# Nice Quartersawn Sycamore



## Allen Tomaszek (Dec 11, 2010)

Was really pleased with how these turned out. 5/4 Quartersawn Sycamore ready to go. I love the figure in these.


----------



## Tennessee Tim (Dec 15, 2010)

purdy!!!!! I can't find the type reset...LOL. Pretty as usual...Glad to see you sawing....I hope to have mine repaired end of week.


----------



## ORBlackFZ1 (Dec 25, 2013)

Wow! You have inspired me to cut up the four (4) sycamore logs I have been sitting in my back yard since January 2015. I was planning on quarter sawing them, this week. After seeing your photos, you have convinced me that quarter sawing the sycamore is the way to go.

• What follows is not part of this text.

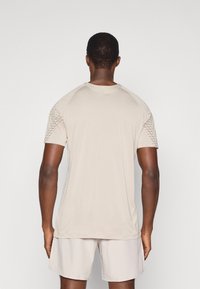 Ανοιχτό μπεζ αθλητικό μπλουζάκι με ανάγλυφες δικτυωτές πλάκες στους ώμους, κοντά μανίκια και στρογγυλή λαιμόκοψη, συνδυασμένο με ανοιχτόχρωμες βερμούδες.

Now, I just have to hope that I get a day under 80F to work in. Sawing logs above 80F is just no fun.....

Eric


----------



## ETWW (Mar 27, 2011)

Nice indeed! That QS figure is stunning.


----------



## Post Oakie (Aug 20, 2013)

Very nice! I've seen QS sycamore sold as "American Lacewood". They can charge more for it that way.


----------



## ORBlackFZ1 (Dec 25, 2013)

*Stacked, stickered and strapped!*

Stacked, stickered and strapped! 

Thanks for the motivation! I just finished the last of my sycamore! Now, I just have to wait until next summer for it to dry.

It sure has very pretty grain patterns and colors! I will have to find me another sycamore tree real soon....

Eric


----------